What is Probabilistic Machine Learning on Manifolds?
Probabilistic machine learning on manifolds extends traditional statistical learning by modeling data that naturally resides on curved geometric spaces such as spheres, Grassmannians, and orthogonal groups. Instead of forcing data into Euclidean space, these methods respect the intrinsic geometry, leading to more accurate representations and inference.
How does it work?
Mathematical Foundations
- Manifolds: Smooth spaces that locally resemble Euclidean space but have global curvature (e.g., the unit sphere Sⁿ, the Grassmannian G(k,n)).
- Riemannian Geometry: Provides tools—metrics, geodesics, exponential and logarithm maps—to perform calculus on manifolds.
- Probability Distributions on Manifolds: Extensions of Gaussian, Langevin, and Bingham distributions that are defined with respect to the manifold’s metric.
Key Algorithms
- Langevin Matrix Models: Stochastic differential equations that generate samples on Lie groups (e.g., SO(n)) using Riemannian gradients and noise.
- Bingham Distribution: An antipodally symmetric distribution on the sphere, useful for directional data and subspace estimation.
- Kuramoto Networks on Manifolds: Coupled oscillator models adapted to manifold-valued states for learning synchronization patterns in swarms.
- Stochastic Optimization: Riemannian variants of SGD, Adam, and natural gradient descent that respect curvature during parameter updates.
Implementation Steps
- Identify the appropriate manifold for your data (e.g., use a Grassmannian for subspace clustering).
- Choose a compatible probability model (Langevin, Bingham, etc.).

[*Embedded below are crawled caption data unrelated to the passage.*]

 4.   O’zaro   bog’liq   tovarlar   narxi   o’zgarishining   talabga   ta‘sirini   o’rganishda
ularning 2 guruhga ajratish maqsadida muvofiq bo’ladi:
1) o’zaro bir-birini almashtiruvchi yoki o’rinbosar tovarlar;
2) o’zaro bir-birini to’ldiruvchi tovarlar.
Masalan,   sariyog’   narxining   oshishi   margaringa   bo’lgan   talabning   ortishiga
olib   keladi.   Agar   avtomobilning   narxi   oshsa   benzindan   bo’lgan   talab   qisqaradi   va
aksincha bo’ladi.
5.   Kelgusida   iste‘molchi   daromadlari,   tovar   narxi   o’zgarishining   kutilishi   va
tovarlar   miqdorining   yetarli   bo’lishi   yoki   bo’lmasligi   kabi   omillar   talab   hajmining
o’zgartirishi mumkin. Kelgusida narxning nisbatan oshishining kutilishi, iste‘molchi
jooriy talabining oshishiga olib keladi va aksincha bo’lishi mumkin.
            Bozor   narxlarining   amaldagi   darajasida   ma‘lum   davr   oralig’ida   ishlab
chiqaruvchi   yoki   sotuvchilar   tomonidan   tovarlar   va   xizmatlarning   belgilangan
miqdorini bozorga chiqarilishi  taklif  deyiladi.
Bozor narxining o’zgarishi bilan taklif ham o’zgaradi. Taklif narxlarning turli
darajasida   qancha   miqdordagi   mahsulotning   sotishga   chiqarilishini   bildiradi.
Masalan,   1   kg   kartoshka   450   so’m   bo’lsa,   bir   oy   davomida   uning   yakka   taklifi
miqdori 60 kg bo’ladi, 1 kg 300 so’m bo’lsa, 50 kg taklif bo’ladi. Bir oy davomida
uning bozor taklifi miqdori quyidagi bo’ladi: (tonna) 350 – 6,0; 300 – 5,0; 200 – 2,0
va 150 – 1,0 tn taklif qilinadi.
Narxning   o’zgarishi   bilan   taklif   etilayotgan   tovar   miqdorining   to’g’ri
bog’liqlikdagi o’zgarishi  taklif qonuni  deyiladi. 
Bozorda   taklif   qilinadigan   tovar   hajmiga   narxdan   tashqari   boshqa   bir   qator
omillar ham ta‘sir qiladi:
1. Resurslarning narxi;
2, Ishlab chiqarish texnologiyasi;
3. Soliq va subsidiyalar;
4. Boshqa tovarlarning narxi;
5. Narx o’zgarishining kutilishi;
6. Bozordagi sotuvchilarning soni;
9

- Implement Riemannian operations: exponential map, logarithm map, parallel transport.
- Apply a Riemannian optimizer to train model parameters.

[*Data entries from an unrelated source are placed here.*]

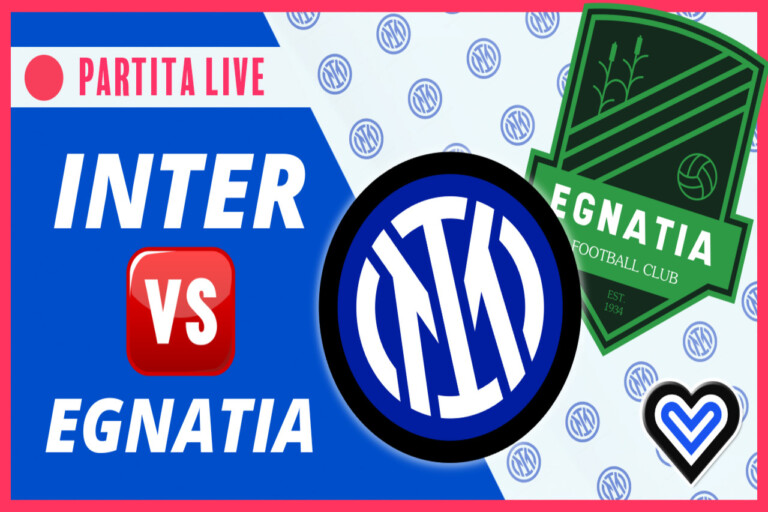 LIVE – INTER EGNATIA in Diretta! Live reaction Amichevole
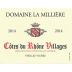 Domaine La Milliere Cotes du Rhone Villages Vieilles Vignes 2014 Front Label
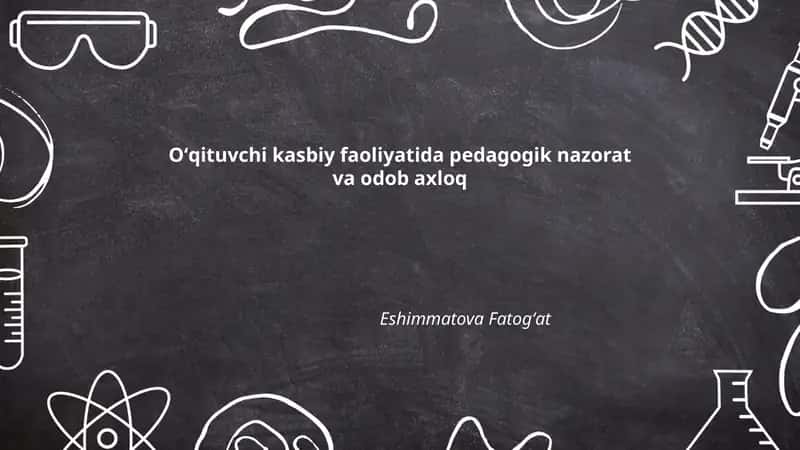 Pedagogik nazorat va odob axloq 1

- Validate using manifold-aware metrics such as geodesic distance.
Why is it important?
Respecting the underlying geometry yields several practical benefits:
- Improved Accuracy: Models capture intrinsic relationships that Euclidean approximations miss.
- Parameter Efficiency: Manifold constraints reduce the degrees of freedom, leading to more compact representations.
- Robustness: Geodesic‑based loss functions are less sensitive to outliers on curved spaces.
- Broader Applicability: Enables advanced applications such as pose estimation, quantum state tomography, and swarm robotics.